Ungeborene Kinder dürfen bis zur 24. Schwangerschaftswoche getötet werden. Als Gründe werden die üblichen Indikationen akzeptiert: Vergewaltigung, Inzest, schwere Behinderung oder Gefahr für die Gesundheit der Mutter. Wie die extrem hohen Abtreibungszahlen beweisen, handelt es sich bei den gesetzlichen Indikationen nicht um objektive Schutzbestimmungen für die Mütter, sondern um Gummiparagraphen, die in Wirklichkeit den systematischen Massenmord an ungeborenen Kindern erlauben.
Lebensfeindlichkeit durch Mär von der „Überbevölkerung“
Laut Experten rühre die Ursache für die lebensfeindliche Haltung vieler Südkoreaner von einer seit Jahrzenten gesteuerten Politik der Fertilitätsbekämpfung her, die von der Regierung unter dem Stichwort „Überbevölkerung“ seit den 60er Jahren propagiert wird.
Im von Pater John Oh 1976 gegründeten „Haus der Hoffnung“ in Kkottingnae haben mehrere Tausend behinderte Menschen eine sichere Heimat. Das katholische Zentrum ist in einer menschenfeindlichen Umgebung auch ein sicherer Ort für Waisenkinder. Es gibt auch eine Art Babyklappe.

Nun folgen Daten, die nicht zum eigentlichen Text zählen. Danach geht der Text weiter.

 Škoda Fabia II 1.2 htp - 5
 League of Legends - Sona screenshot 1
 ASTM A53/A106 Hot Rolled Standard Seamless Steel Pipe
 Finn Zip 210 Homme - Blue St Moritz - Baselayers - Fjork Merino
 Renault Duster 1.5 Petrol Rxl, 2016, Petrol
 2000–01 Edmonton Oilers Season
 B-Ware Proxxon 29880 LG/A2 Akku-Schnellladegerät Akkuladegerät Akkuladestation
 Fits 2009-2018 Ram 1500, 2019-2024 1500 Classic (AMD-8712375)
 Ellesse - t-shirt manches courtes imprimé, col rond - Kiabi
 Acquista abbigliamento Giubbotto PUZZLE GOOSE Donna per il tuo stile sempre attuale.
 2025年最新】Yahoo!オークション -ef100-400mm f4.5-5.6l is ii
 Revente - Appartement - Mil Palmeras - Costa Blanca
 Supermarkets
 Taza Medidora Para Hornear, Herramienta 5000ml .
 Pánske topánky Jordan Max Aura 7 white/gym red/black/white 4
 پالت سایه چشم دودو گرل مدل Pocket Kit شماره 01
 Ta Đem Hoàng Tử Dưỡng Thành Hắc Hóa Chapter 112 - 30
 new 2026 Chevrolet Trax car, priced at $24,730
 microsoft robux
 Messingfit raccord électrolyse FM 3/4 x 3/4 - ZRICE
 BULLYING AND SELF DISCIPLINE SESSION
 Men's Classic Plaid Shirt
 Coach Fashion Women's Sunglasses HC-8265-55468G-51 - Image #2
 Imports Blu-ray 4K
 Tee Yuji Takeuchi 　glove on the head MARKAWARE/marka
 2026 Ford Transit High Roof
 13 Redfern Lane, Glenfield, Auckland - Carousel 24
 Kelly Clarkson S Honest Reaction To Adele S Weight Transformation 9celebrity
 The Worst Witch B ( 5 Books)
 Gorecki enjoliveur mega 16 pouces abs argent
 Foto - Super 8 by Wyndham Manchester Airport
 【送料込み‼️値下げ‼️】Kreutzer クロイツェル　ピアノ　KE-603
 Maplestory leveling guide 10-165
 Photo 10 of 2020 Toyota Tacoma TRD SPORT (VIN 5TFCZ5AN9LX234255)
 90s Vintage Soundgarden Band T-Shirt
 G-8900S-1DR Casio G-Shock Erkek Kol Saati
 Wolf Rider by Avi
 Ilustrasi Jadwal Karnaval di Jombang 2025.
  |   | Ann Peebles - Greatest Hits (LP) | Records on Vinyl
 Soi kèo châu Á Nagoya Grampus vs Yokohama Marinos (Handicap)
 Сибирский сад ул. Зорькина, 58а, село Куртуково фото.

Die Einbeziehung des Zentrums von Kkottingnae durch das Organisationskomitee in das Besuchsprogramm des Papstes wurde von Medien kritisiert, weil Pater Oh vorgeworfen wird, öffentliche Gelder für seine Einrichtung „veruntreut“ zu haben. Wie katholische Beobachtern versichern, scheint es sich dabei um eine Verleumdungskampagne zu halten, weil das Lebenszentrum mit dem Friedhof für abgetriebene Kinder bestimmten Kreisen ein Dorn im Auge ist.